TO DO: An exact copy of the data is required. No picture may appear in it.

EXTRACTED ENTRIES:

▶

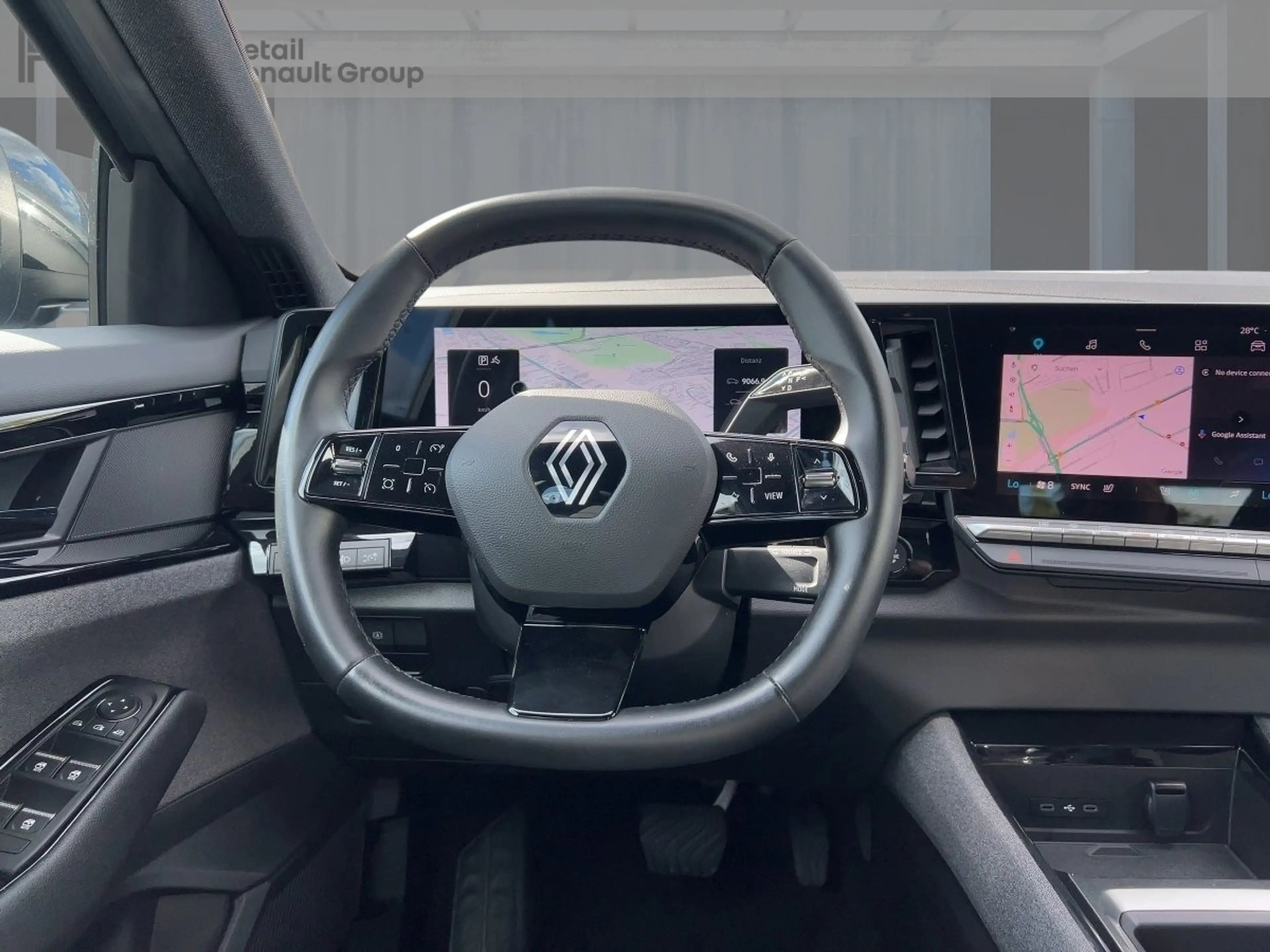 Renault Austral Evolution MildHybrid 160 Aut. Sitzhzg — photo 11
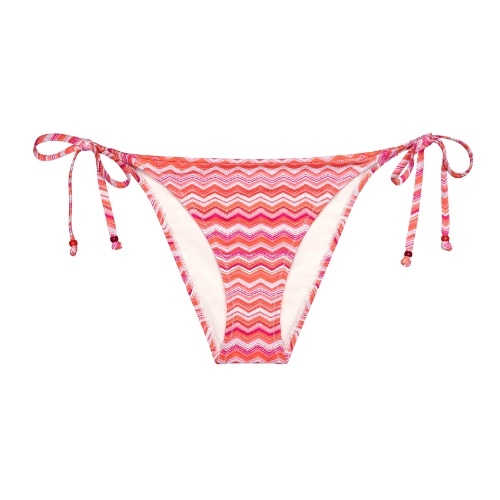 Triumph Swimwear Mix & Match orange bikini brief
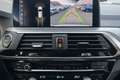 BMW X3 xD20d M Sport KAM HUD HARMAN Unfallfrei Blanc - thumbnail 9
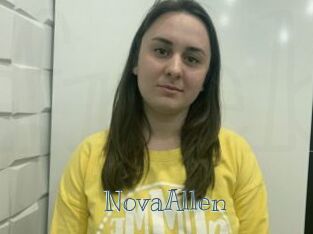 NovaAllen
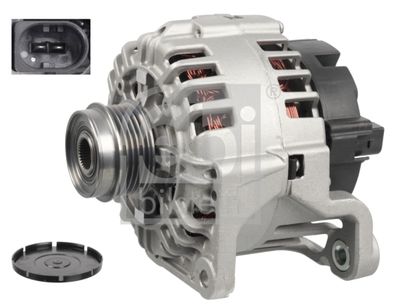 Alternator FEBI BILSTEIN 101551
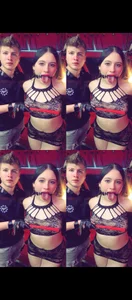 BDSM-justin-and-briianna BDSM 🔥🖤 Pic 3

◀

FINISHED EXERCISE:
 Renault Austral Evolution MildHybrid 160 Aut. Sitzhzg — photo 11
 Triumph Swimwear Mix & Match orange bikini brief
 BMW X3 xD20d M Sport KAM HUD HARMAN Unfallfrei Blanc - thumbnail 9
 NovaAllen
 Alternator FEBI BILSTEIN 101551
 BDSM-justin-and-briianna BDSM 🔥🖤 Pic 3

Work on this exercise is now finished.